Anti-Neuroinflammatory Effects of Ginkgo biloba Extract EGb 761 in LPS-Activated BV2 Microglial Cells

Lu Sun  1 Matthias Apweiler  1 Ashwini Tirkey  1 Dominik Klett  1 Claus Normann  2 Gunnar P H Dietz  3 Martin D Lehner  4 Bernd L Fiebich  1
Affiliations

Anti-Neuroinflammatory Effects of Ginkgo biloba Extract EGb 761 in LPS-Activated BV2 Microglial Cells

Lu Sun et al. Int J Mol Sci. .

Abstract

Inflammatory processes in the brain can exert important neuroprotective functions. However, in neurological and psychiatric disorders, it is often detrimental due to chronic microglial over-activation and the dysregulation of cytokines and chemokines. Growing evidence indicates the emerging yet prominent pathophysiological role of neuroinflammation in the development and progression of these disorders.

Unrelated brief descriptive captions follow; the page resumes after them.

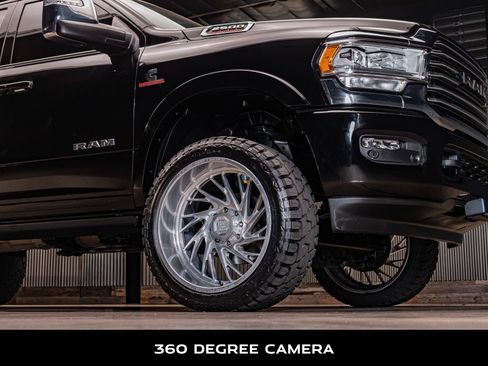 Used 2024 RAM 2500 Limited AWD/4WD image 11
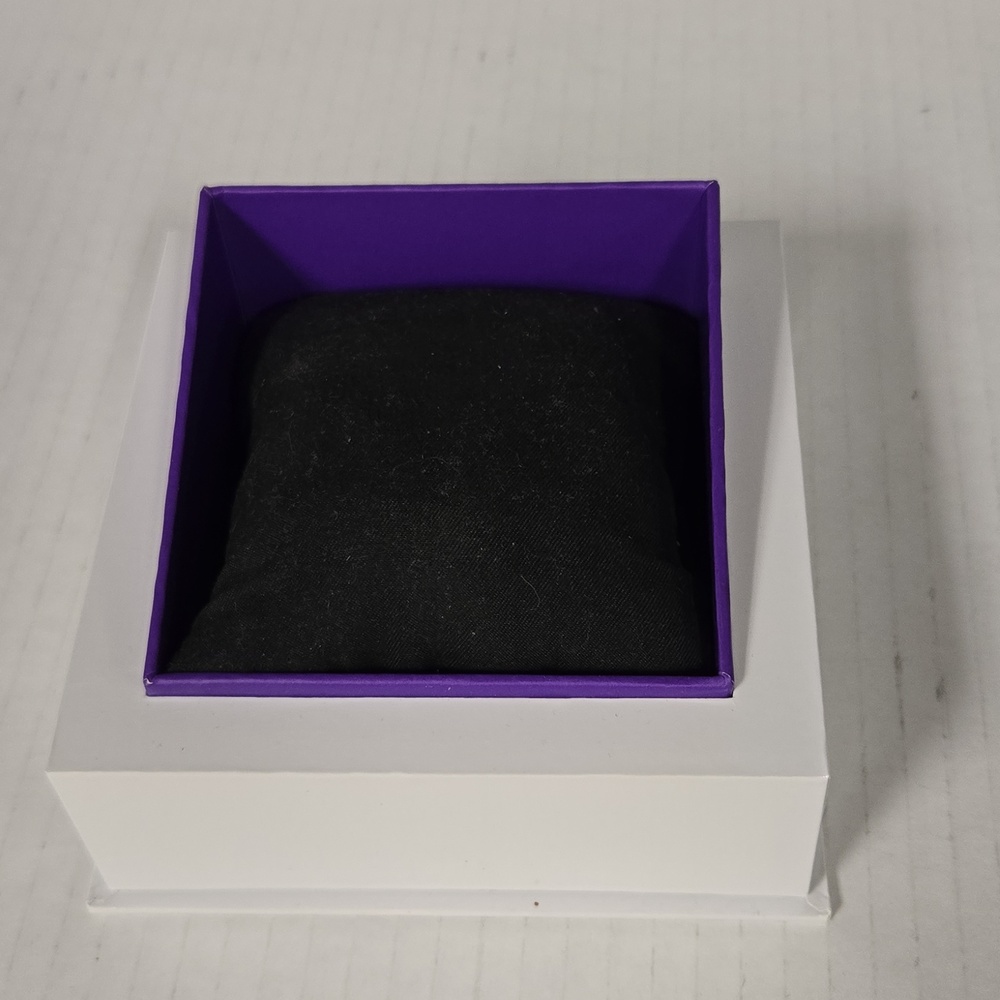 Movado Watch Box-Genuine - Picture 3 of 4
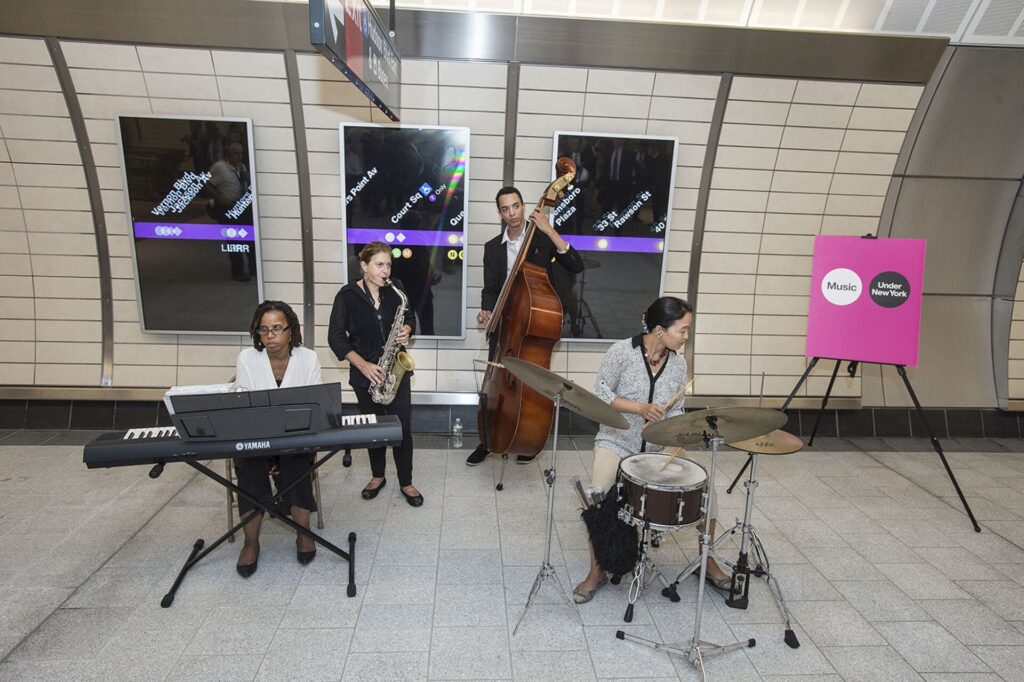 new-york-city-unique-specifique-insolite-musiciens-metro-music-under-new-york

Despite recent advances, there is still a pressing need for effective therapies, and targeting neuroinflammation is a promising approach. Therefore, in this study, we investigated the anti-neuroinflammatory potential of a marketed and quantified proprietary herbal extract of Ginkgo biloba leaves called EGb 761 (10-500 µg/mL) in BV2 microglial cells stimulated by LPS (10 ng/mL). Our results demonstrate significant inhibition of LPS-induced expression and release of cytokines tumor necrosis factor-α (TNF-α) and Interleukin 6 (IL-6) and chemokines C-X-C motif chemokine ligand 2 (CXCL2), CXCL10, c-c motif chemokine ligand 2 (CCL2) and CCL3 in BV2 microglial cells. The observed effects are possibly mediated by the mitogen-activated protein kinases (MAPK), p38 MAPK and ERK1/2, as well as the protein kinase C (PKC) and the nuclear factor (NF)-κB signaling cascades. The findings of this in vitro study highlight the anti-inflammatory properties of EGb 761 and its therapeutic potential, making it an emerging candidate for the treatment of neuroinflammatory diseases and warranting further research in pre-clinical and clinical settings.

Keywords: EGb 761; MAPK pathway; NF-κB pathway; chemokines; cytokines; microglia; neuroinflammation.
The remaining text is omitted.